Belugas eat a variety of prey, such as smelt, flatfish, flounder, salmon, sculpins, and cod. They also eat invertebrates such as crabs, clams, shrimps, worms, octopus, squid, and more creatures that live on the seabed.
Beluga whales are polygynous, a dominant male often mating with several females during one mating season. They tend to mate between late February and early April. Gestation lasts 14 months and a single calf is produced. The calf has a grayish color and is very well developed. The nursery pod stays together during the delivery, then all of them move off except for a teenage nursemaid. Birthing usually takes place near rivers because the temperature of the water is ten degrees higher there. This is for the benefit of the calf, which has less blubber than a full-grown adult. The newborn stays between the two females, their swimming pulling him along with the current. A calf totally depends on its mother’s milk for one year, and lactation lasts as long as 1.5 to 2 years. Females are sexually mature in 4 to 7 years, and males in 7 to 9 years.

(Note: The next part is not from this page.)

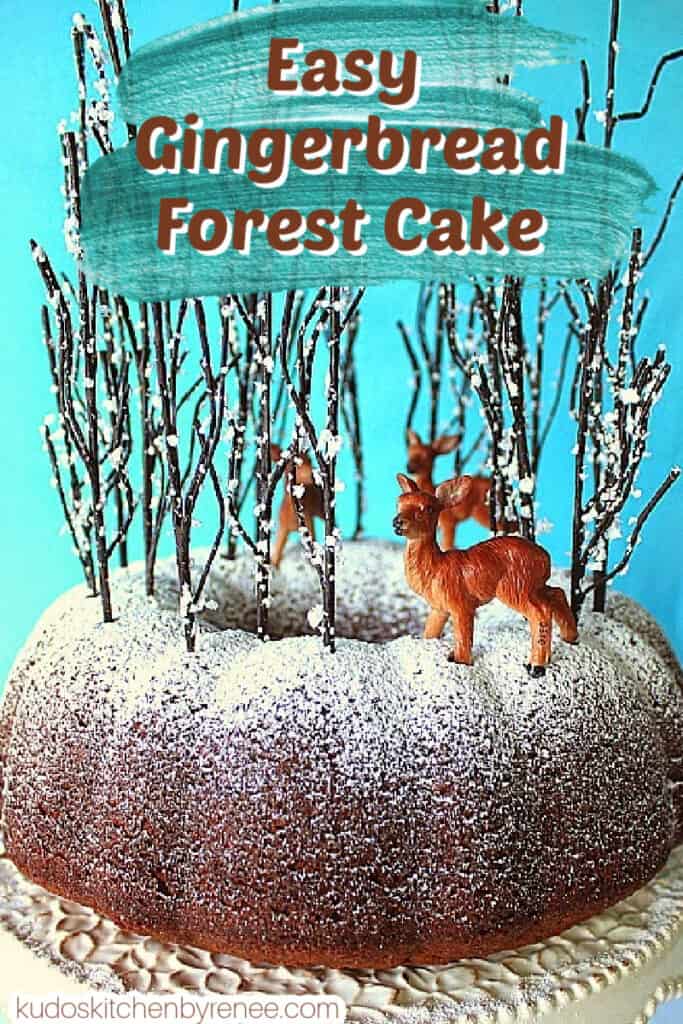 A closeup vertical photo of a Gingerbread Forest Cake on a blue and white background with a blue paint swatch and a title text overlay graphic.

Hunting by Inuit and Alaska Native groups is the biggest known threat to belugas across certain portions of their range. Further threats are contamination of river estuaries, infectious diseases and disturbance by vessel transport, gas and oil production. An increasing concern is noise, which can damage a whale’s hearing and affect its ability to navigate, communicate, and locate prey.
According to the IUCN Red List, the total size of the beluga whale population is above 150,000 animals. There are estimates for this species’ populations in specific regions: In Alaska: Cook Inlet – 375 whales; Bristol Bay – 1,642- 2,133 whales; Eastern Bering Sea - 18,142 whales; Eastern Chukchi Sea - 3,710 whales; Eastern Beaufort Sea/Beaufort Sea (shared between Alaska and Canada) - 39,258 animals. In Canada: Cumberland Sound - 1,500 whales; Ungava Bay – fewer than 50 whales; West Hudson Bay - 23,000 whales; southern Hudson Bay - 1,300 whales; East Hudson Bay – 3,100 whales; St Lawrence River - 900–1,000 whales; Eastern High Arctic/Baffin Bay - 21,213 whales. Shared between Canada and Greenland: West Greenland - 7,941 whales. Russia: Eastern and Central Russian Arctic - 18,000–20,000 whales; Western Russian Arctic - 1,000 whales. Beluga whales are classified as a near threatened (NT) species currently.